The U.S. Court of Appeals for the Ninth Circuit denied the companies’ request for en banc review July 5, but issued an amended order adding that the plaintiffs have standing to sue.
A three-judge panel of the court held in October 2018 that the Alien Tort Statute covers allegations that the companies aided and abetted slave labor. Allegations that the companies perpetuated overseas slave labor from headquarters in the U.S. are relevant to the statute’s focus, it said.
Eight judges dissented to denial of en banc rehearing.
“Violations of the law of nations—like genocide, slavery, and piracy—are horrific,” Judge Mark J. Bennett wrote for the dissent. “But in its zeal to sanction alleged violators, the panel majority has ignored the Court’s ATS roadmap.”
He referred to the U.S. Supreme Court’s 2018 holding in Jesner v. Arab Bank that victims of overseas atrocities can’t use a centuries-old law to sue foreign corporations for complicity, blunting what once was a favorite legal tool for human-rights advocates.
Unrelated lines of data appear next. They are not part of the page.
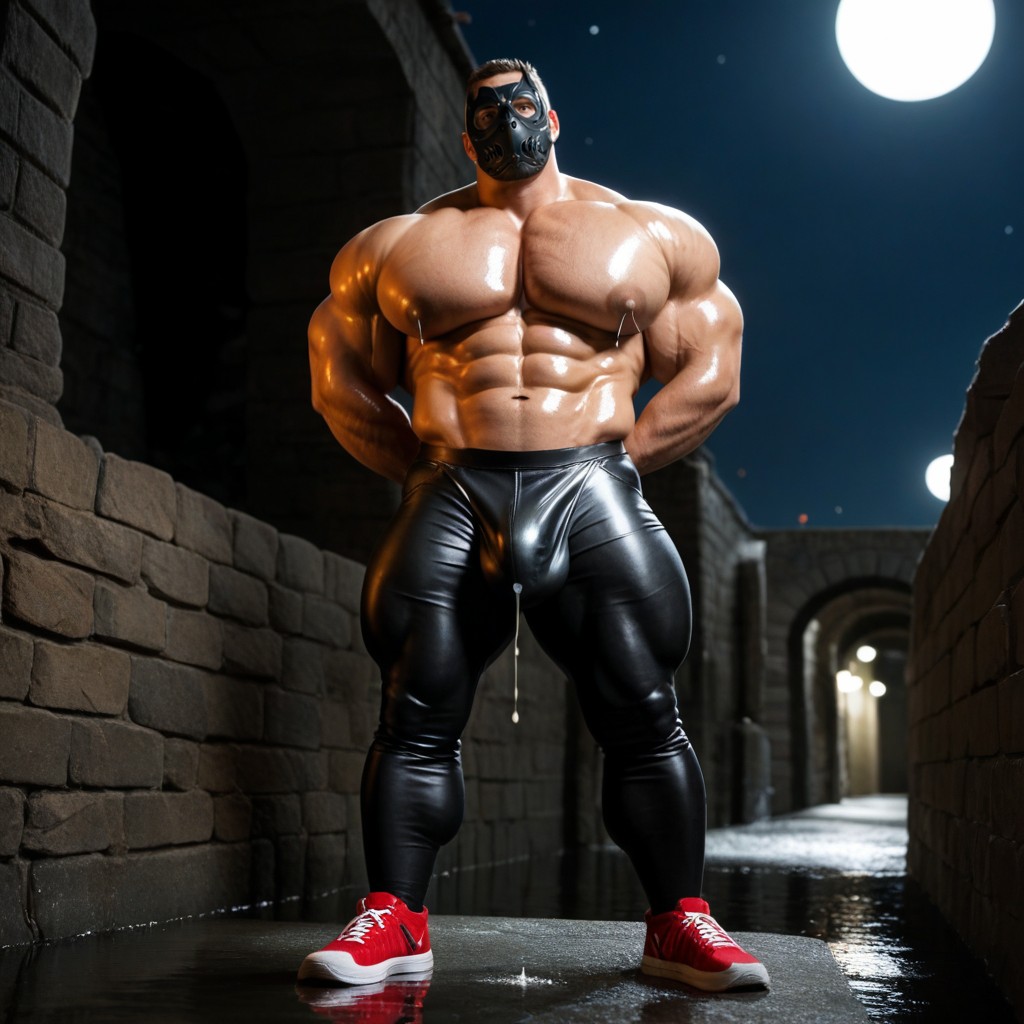 Leather Tights, Balaclava Mask, Massive Porno IA Gay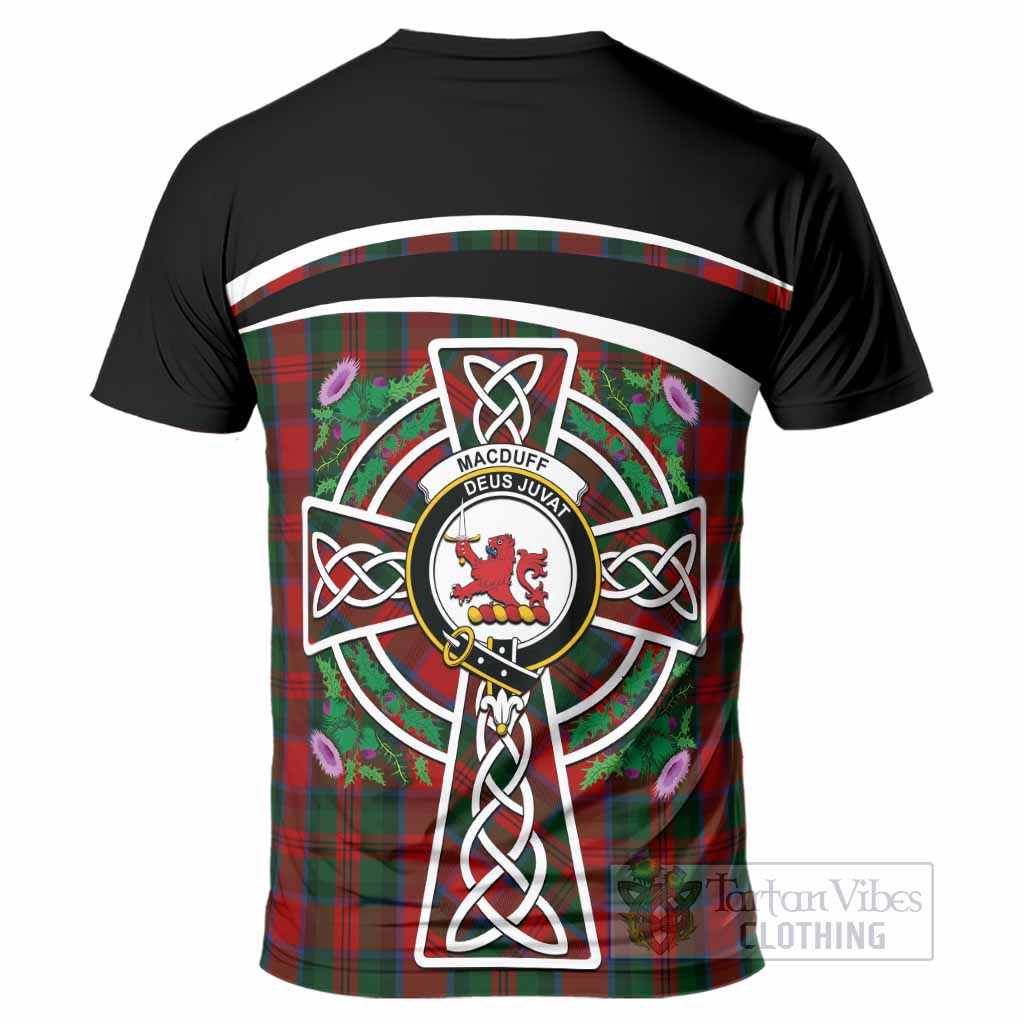 MacDuff (McDuff) Tartan Crest T-Shirt Scottish Thistle Celtic Cross Alba Gu Brath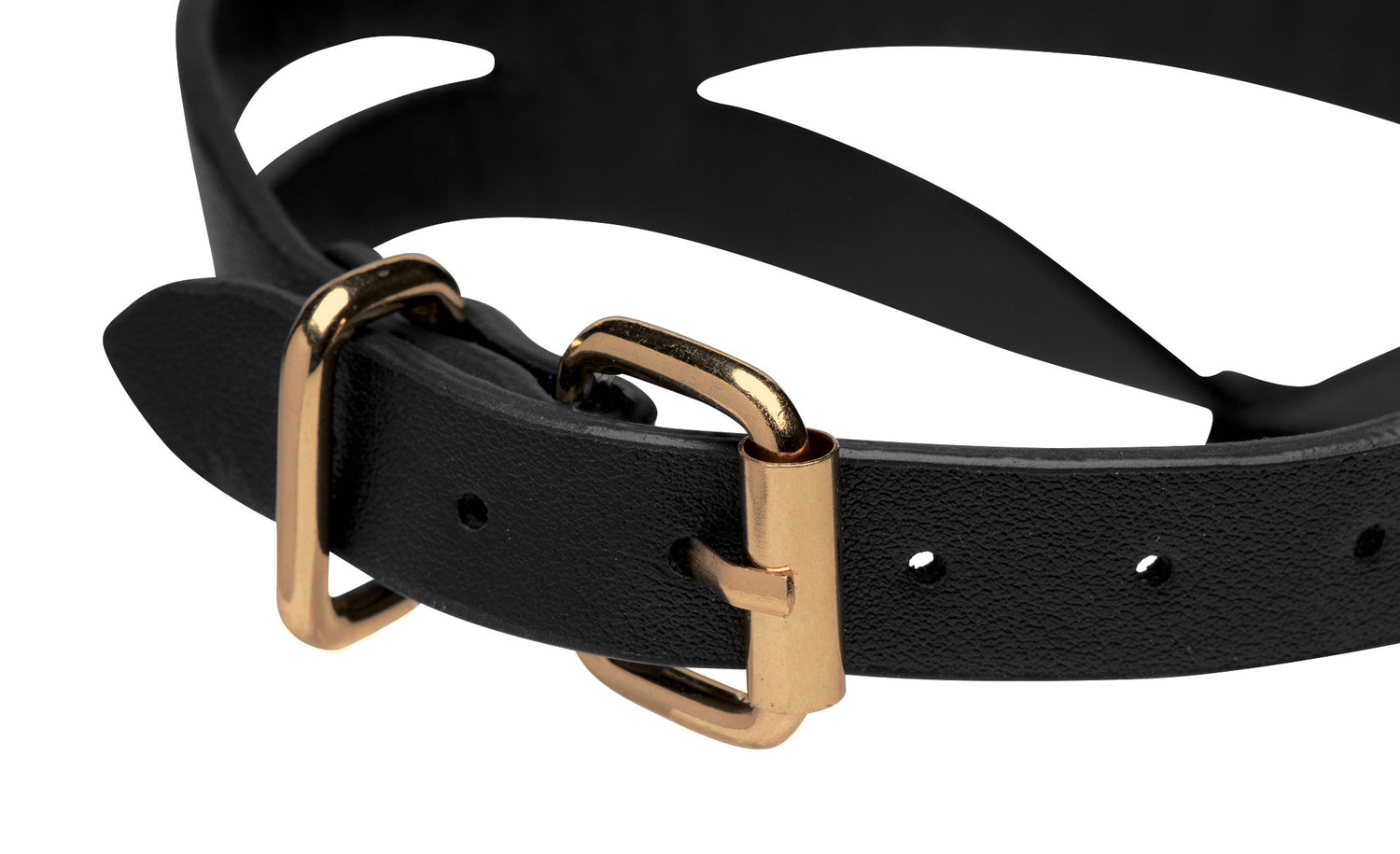 Bondage Baddie Black and Gold Collar with O-Ring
The majority failed to properly analyze under Jesner whether a claim against the companies may proceed, the dissent said. It compounded that error by allowing this case to move forward even though their alleged conduct took place almost entirely abroad, it said.
Judges Dorothy W. Nelson, Morgan Christen, and Edward F. Shea, sitting by designation from the U.S. District Court for the Eastern District of Washington, served on the panel.
International Rights Advocates and Schonbrun Seplow Harris and Hoffman LLP represented the class.
Hogan Lovells US LLP and Gibson Dunn & Crutcher LLP represented Nestle. Mayer Brown LLP represented Cargill.
The case is Doe v. Nestle, S.A., 9th Cir., No. 17-55435, amended opinion; denial of en banc rehearing 7/5/19.